近現代東南アジア史【4】フィリピン

1.スペイン領フィリピン

  • アカプルコ貿易…メキシコ銀をマニラに運び、中国産品を得て、アメリカ大陸へ運ぶ太平洋ルート
  • ②統治政策:政教一致体制
    • 住民をカトリックに強制改宗・新しく統治組織をつくってフィリピン人を長とする。
    • スペイン人教区司祭が信仰から行政にいたるまで絶大な権限をふるう。
  • ③マニラ開港…1834年、マニラを欧米勢力に開港
    • 砂糖、マニラ麻、タバコなどの商品作物生産が一気に進み、世界市場に組み込まれることになった。
    • 商人、高利貸による土地集積が進み、プランテーション開発が進んで大土地所有制が成立。

2.民族運動家

  • ホセ=リサール
    • スペインに留学中、民族意識に目覚め帰国後にフィリピン民族同盟。平和的な改革を目指したが、逮捕・流刑。
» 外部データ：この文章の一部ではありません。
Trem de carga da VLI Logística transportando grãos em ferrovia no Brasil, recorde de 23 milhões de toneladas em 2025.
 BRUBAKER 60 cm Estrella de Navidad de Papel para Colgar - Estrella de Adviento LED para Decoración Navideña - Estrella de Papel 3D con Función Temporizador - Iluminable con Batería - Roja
秘密結社カティプーナンの武装蜂起を契機に処刑
  • ボニファシオ
    • フィリピン民族同盟に参加するがホセ=リサールの逮捕・流刑により瓦解。秘密結社カティプーナンを結成して武装蜂起しフィリピン革命が始まった。貧困層出身のボニファシオは首長層のアギナルドと対立し殺害された。
  • アギナルド
    • 米西戦争を契機に闘争を再開し、マロロス共和国を建国するも、フィリピンを買収したアメリカとフィリピン=アメリカ戦争が勃発。アメリカが勝利し、アメリカのフィリピン統治が開始。

3.米領フィリピン

  • 1907 議会が開設され立法や行政についてはフィリピン人への権限移譲が進められる。
    • ⇒しかし、経済的に従属し商品作物生産が進んだので窮乏化した農民たちが反乱
  • 1934 フィリピン独立法…自治が承認され、10年後の独立が約束された。
  • 1935 フィリピン独立準備政府の樹立(初代大統領ケソン)
  • 1942 日本がマッカーサー率いる米軍を駆逐し、フィリピンを占領
  • 1943 日本軍、フィリピン独立許与(大統領ラウレル)←フクバラハップの抗日武装闘争
  • 1945 米軍によるフィリピン奪回(←1944米軍のレイテ島攻略)
  • 1946 共和国として独立(大統領ロハス)←対米従属と地主支配に対するフクバラハップの闘争(のち鎮圧)

4.戦後フィリピン

  • ①マルコス政権(1965~86)
    • 長期政権の中で独裁化し腐敗が進む。83年に政治的ライバルのベニグノ=アキノが暗殺されると反マルコス運動が高まり86年のクーデタで亡命した。
  • ②コラソン=アキノ政権(1986~92)
    • 夫ベニグノが暗殺され政界入り。国防軍の支持を得て大統領に当選。新鮮なイメージで独裁政治からの脱却を図ったが、貧富の差は縮まらず経済も停滞し、クーデタの頻発に脅かされた。
  • ③ラモス政権(1992~98)
    • 共産党合法化、国軍右派との和解、モロ民族解放戦線との和平など、国内諸勢力の調和に努めたが、経済危機は解決できなかった。
  • エストラーダ政権(1998~2001)
    • 映画俳優出身で大衆的な人気で政権をとった。様々な利権と結びついてスキャンダルが発覚し、弾劾裁判で訴追されて退陣した。
  • ⑤アロヨ政権(2001~2010)
    • 経済再建、貧困の解決を課題とするが成果は上がらず。対米依存を進め、反テロ活動に同調してイスラーム急進派との戦いを強化した。